Ferrocenyl-Substituted Triazatruxenes: Synthesis, Electronic Properties, and the Impact of Ferrocenyl Residues on Directional On-Surface Switching on Ag(111)

[Image: see text] We report on seven new ferrocenyl-(1, 3)- and ferrocenylethynyl-modified N,N′,N″-triethyltriazatruxenes ((Et)TATs) 4–7 as well as the dodecyl counterpart 2 of compound 1 and their use as molecular switching units when deposited on a Ag(111) surface. Such functional units may constitute a new approach to molecule-based high-density information storage and processing. Besides the five compounds 1–3, 6, and 7, where the 3-fold rotational symmetry of the triazatruxene (TAT) template is preserved, we also included 2-ethynylferrocenyl-TAT 4 and 2,2′-di(ethynylferrocenyl)-TAT 5, whose mono- and disubstitution patterns break the 3-fold symmetry of the TAT core. Voltammetric studies indicate that the ferrocenyl residues of compounds 1–7 oxidize prior to the oxidation of the TAT core. We have noted strong electrostatic effects on TAT oxidation in the 2,2′,2″-triferrocenyl-TAT derivatives 1 and 2 and the 3,3′,3″-isomer 3. The oxidized complexes feature multiple electronic excitations in the near-infrared and the visible spectra, which are assigned to d(δ/δ(*)) transitions of the ferrocenium (Fc(+)) moieties, as well as TAT → Fc(+) charge-transfer transitions. The latter are augmented by intervalence charge-transfer contributions Fc → Fc(+) in mixed-valent states, where only a part of the available ferrocenyl residues is oxidized. (Et)TAT was previously identified as a directional three-level switching unit when deposited on Ag(111) and constitutes a trinary-digit unit for on-surface information storage. The symmetrically trisubstituted compound 6 retains this property, albeit at somewhat reduced switching rates due to the additional interaction between the ferrocenyl residues and the Ag surface.
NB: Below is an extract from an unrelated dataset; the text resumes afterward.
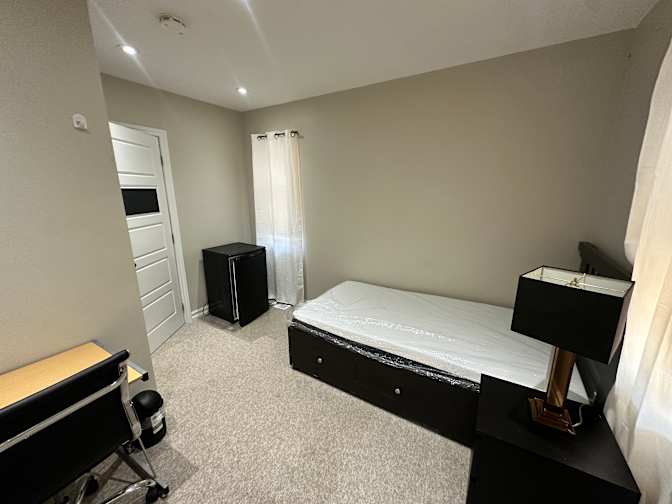 Paola's room
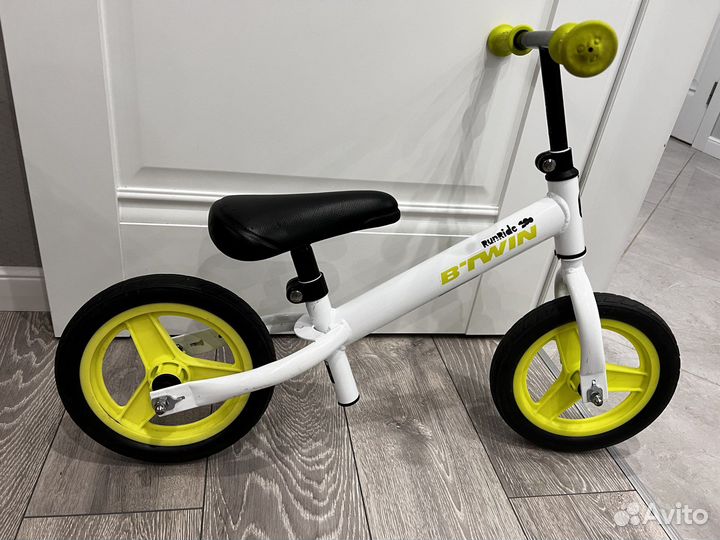 Беговел btwin Runride 100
In particular, the high directionality at low bias and the inversion of the preferred sense of the on-surface rocking motion with either a clockwise or counterclockwise switching sense, depending on the identity of the surface enantiomer, are preserved. Unsymmetrical substitution in mono- and diferrocenylated 4 and 5 alters the underlying ratchet potential in a manner such that a two-state switching between the two degenerate surface conformations of 4 or a pronounced suppression of switching (5) is observed.